Learning, complexity and relevant information

Learning, complexity and relevant information

William Bialek

Papers are in chronological order, most recent papers at the bottom. Numbers refer to a full list of publications.

[60.] Field theories for learning probability distributions. W Bialek, CG Callan & SP Strong, Phys Rev Lett 77, 4693-4697 (1996).

[80.] Occam factors and model-independent Bayesian learning of continuous distributions. I Nemenman & W Bialek, Phys Rev E 65, 026137 (2002).

[69.] The information bottleneck method. N Tishby, FC Pereira, & W Bialek, in Proceedings of the 37th Annual Allerton Conference on Communication, Control and Computing, B Hajek & RS Sreenivas, eds, pp 368-377 (University of Illinois, 1999).

When Shannon developed information theory he left open the problem of assigning relevance to a signal. Here we showed that if we observe one signal but are interested in another, then the statistical associations between these signals defines what is relevant and one can (selectively) compress the observed signal to “squeeze out” the relevant bits by formulating the efficient representation of relevant information as an optimization principle. Crucially, this formulation does not require any assumptions about what it means for signals to be similar; indeed the various signals need not even live in a metric space. There are deep connections to clustering—especially to the statistical mechanics formulation in which separate clusters emerge through a series of phase transitions—and many different problems from signal processing to learning can be cast into this unified information theoretic framework. We believe that this is a fundamentally new and principled approach to a wide variety of problems of interest both as models of the problems solved by the brain and as practical problems in their own right.
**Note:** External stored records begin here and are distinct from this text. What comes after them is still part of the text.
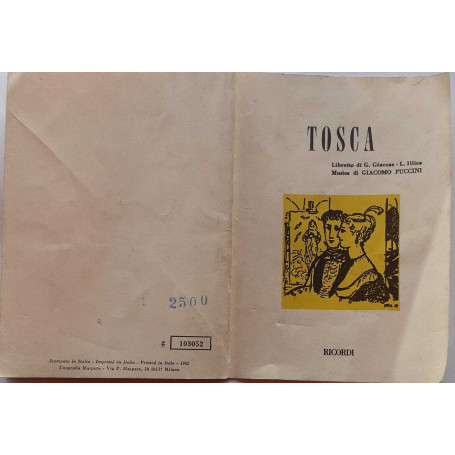 Tosca . Opera lirica in tre atti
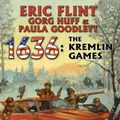 Cover Art for 9781618249449, 1636: The Kremlin Games by Eric Flint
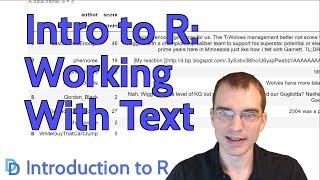 Introduction to R: Working with Text Data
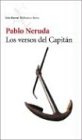 Beispielbild fr Los versos del capitan/ The Captain's Verses (Seix Barral Biblioteca Breve) (Spanish Edition) zum Verkauf von ThriftBooks-Dallas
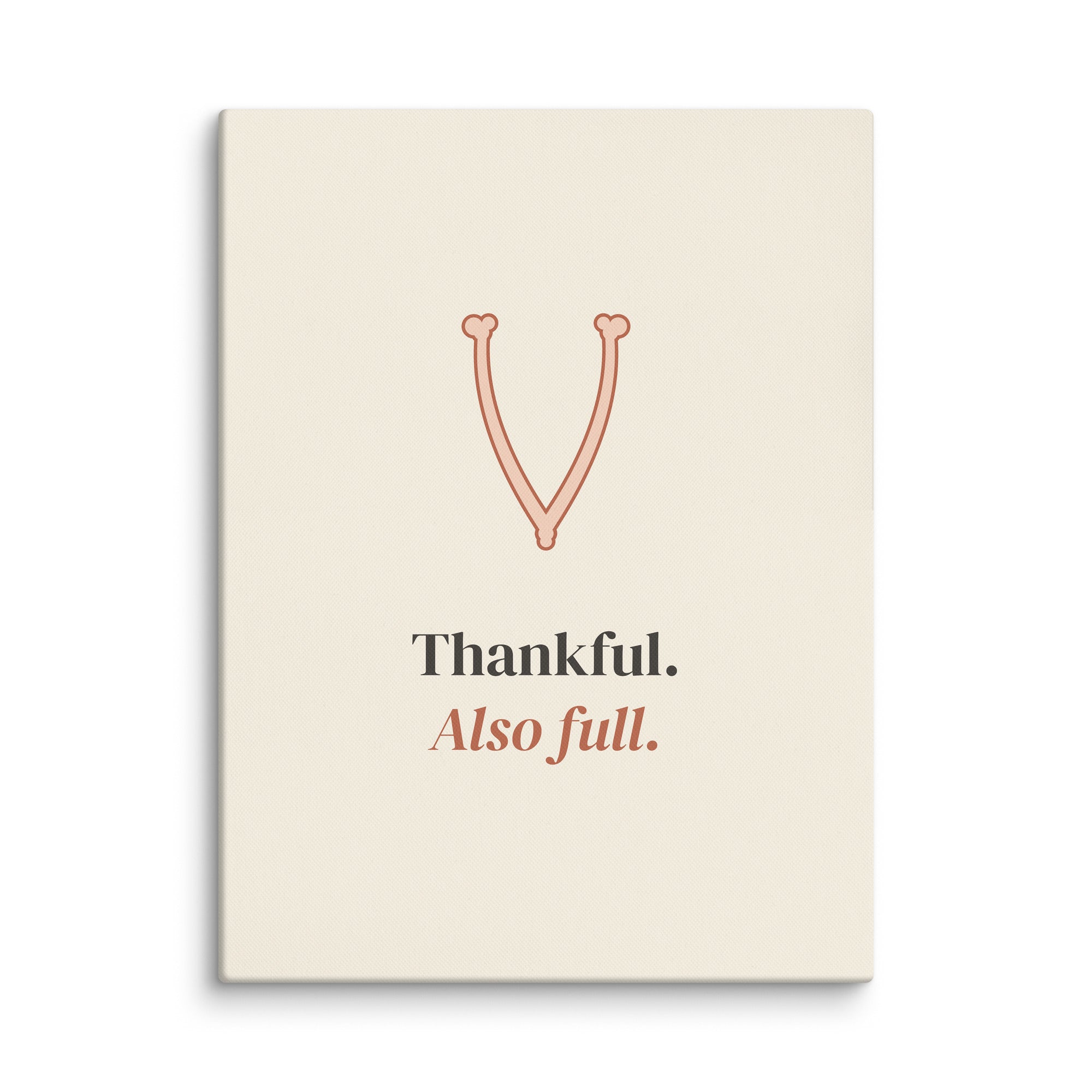 The Thankful, Also Full Canvas: cream canvas with a fine line wishbone, Thankful. Also full.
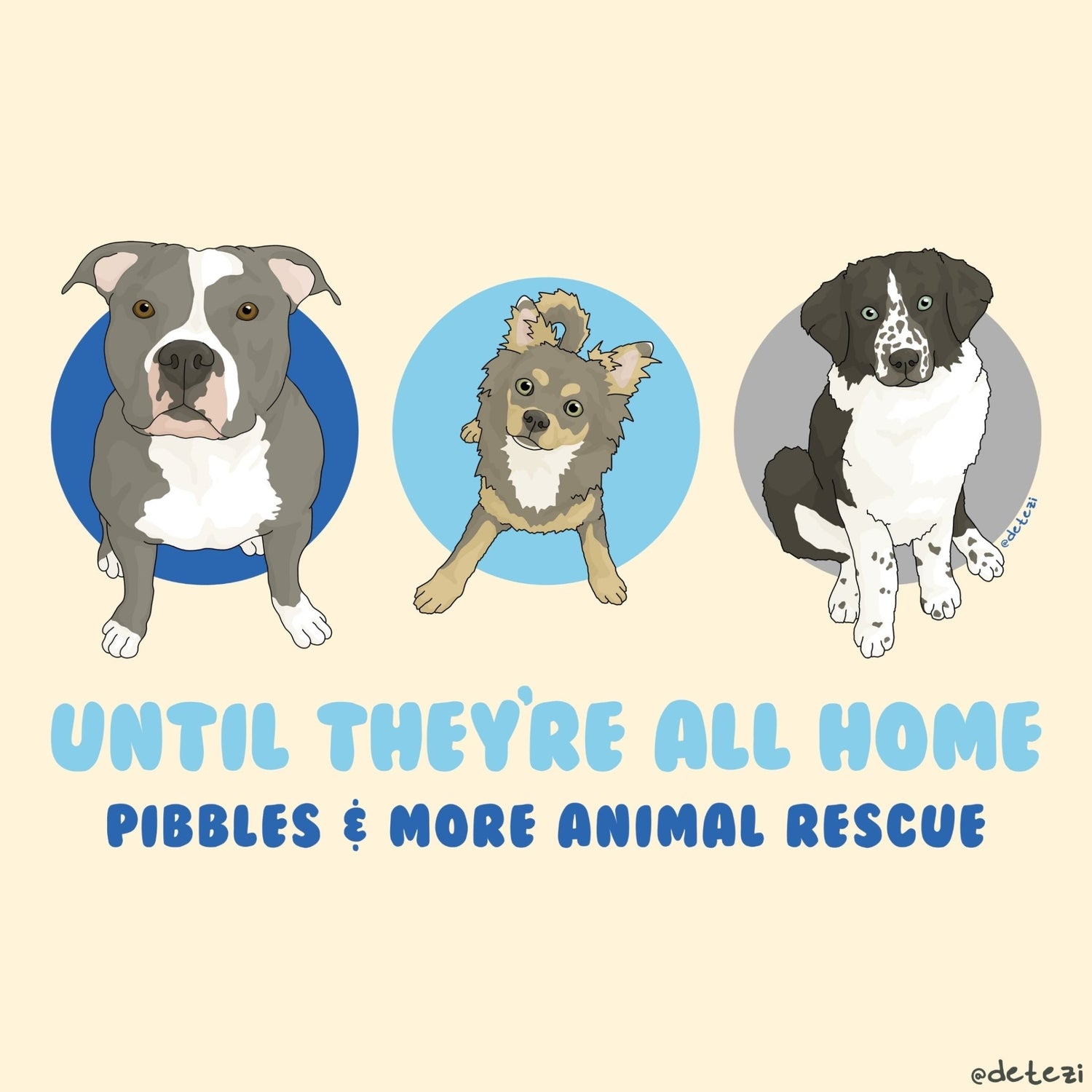 Pibbles & More Animal Rescue | FUNDRAISER - Detezi Designs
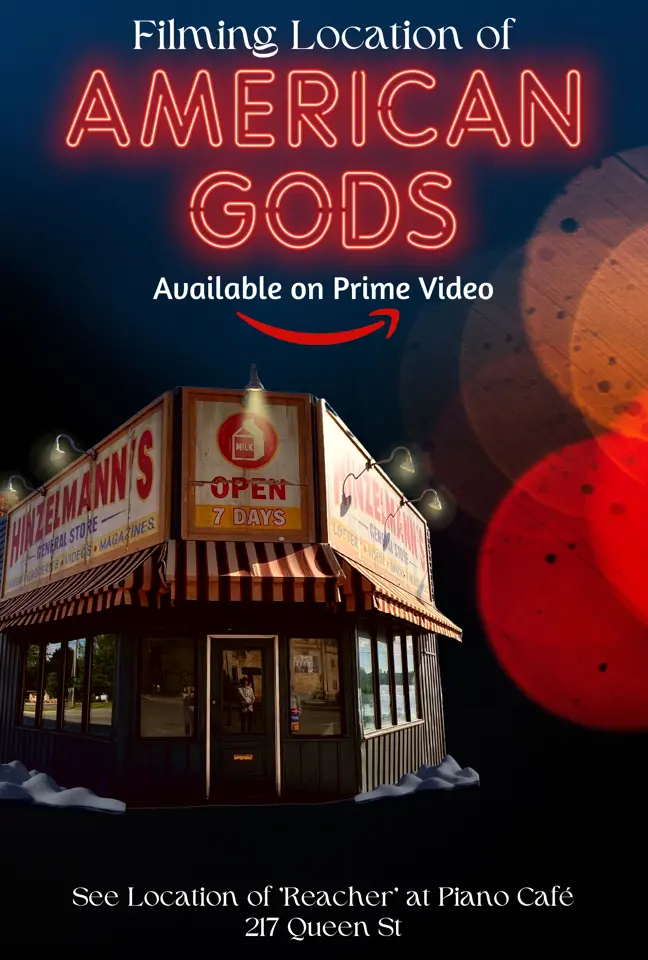 movie poster with Hinzelmann's set and title reading 'Filming Location of American Gods, Available on Prime Video, See Location of 'Reacher' at Piano Café, 217 Queen St'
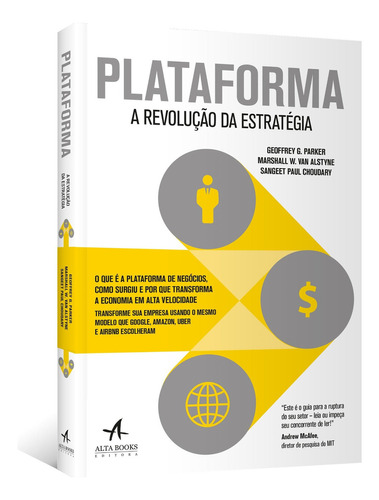 Plataforma: A revolução da estratégia, de Parker, Geoffrey G.. Starling Alta Editora E Consultoria  Eireli, capa mole em português, 2019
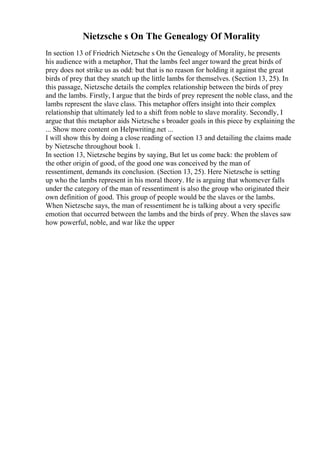Nietzsche s On The Genealogy Of Morality
In section 13 of Friedrich Nietzsche s On the Genealogy of Morality, he presents
his audience with a metaphor, That the lambs feel anger toward the great birds of
prey does not strike us as odd: but that is no reason for holding it against the great
birds of prey that they snatch up the little lambs for themselves. (Section 13, 25). In
this passage, Nietzsche details the complex relationship between the birds of prey
and the lambs. Firstly, I argue that the birds of prey represent the noble class, and the
lambs represent the slave class. This metaphor offers insight into their complex
relationship that ultimately led to a shift from noble to slave morality. Secondly, I
argue that this metaphor aids Nietzsche s broader goals in this piece by explaining the
... Show more content on Helpwriting.net ...
I will show this by doing a close reading of section 13 and detailing the claims made
by Nietzsche throughout book 1.
In section 13, Nietzsche begins by saying, But let us come back: the problem of
the other origin of good, of the good one was conceived by the man of
ressentiment, demands its conclusion. (Section 13, 25). Here Nietzsche is setting
up who the lambs represent in his moral theory. He is arguing that whomever falls
under the category of the man of ressentiment is also the group who originated their
own definition of good. This group of people would be the slaves or the lambs.
When Nietzsche says, the man of ressentiment he is talking about a very specific
emotion that occurred between the lambs and the birds of prey. When the slaves saw
how powerful, noble, and war like the upper
 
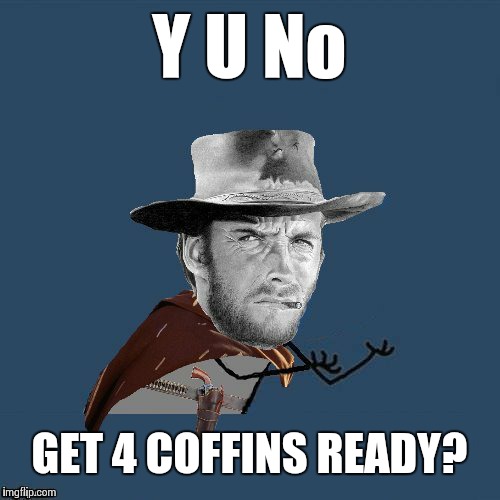 The DashHopes Y U No Western template | Y U No; GET 4 COFFINS READY? | image tagged in y u no western,memes,frontpage,dashhopes,clint eastwood | made w/ Imgflip meme maker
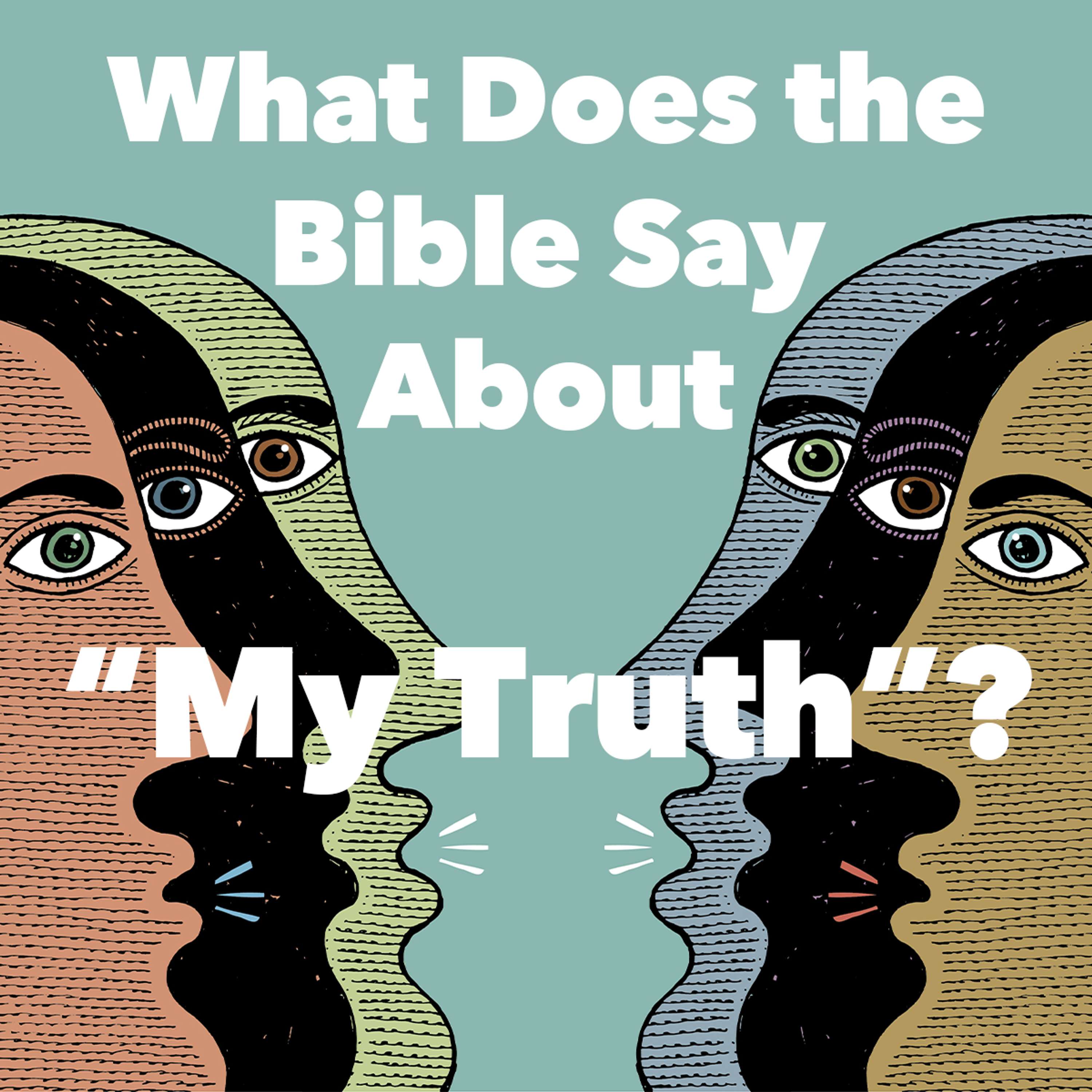 What Does the Bible Say About “My Truth”?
[76.] Predictability, complexity and learning. W Bialek, I Nemenman & N Tishby, Neural Comp 13, 2409-2463 (2001).

[79.] Complexity through nonextensivity. W Bialek, I Nemenman & N Tishby, Physica A 302, 89-99 (2001).

We have reached an understanding of the connections between learning and complexity as unified by the idea of predictive information, which is equivalent to sub–extensive components in the entropy. The results provide a conclusive answer to the long standing problem of how to characterize the complexity of time series, and serve to unify ideas from different areas of physics and computer science. In particular we can classify data streams by their complexity, and if there is something to be learned from the data stream then this classification corresponds to measures for the complexity of the model that can be learned. From a technical point of view it was essential to have a calculable example in the regime where models to be learned cannot be described by a finite number of parameters, and in related work we showed how these nonparametric learning problems could be given a field theoretic formulation [60, 80]. Perhaps the most interesting direction to grow out of this work is the possibility of measuring directly the complexity of models used by humans and other animals as they learn about the world.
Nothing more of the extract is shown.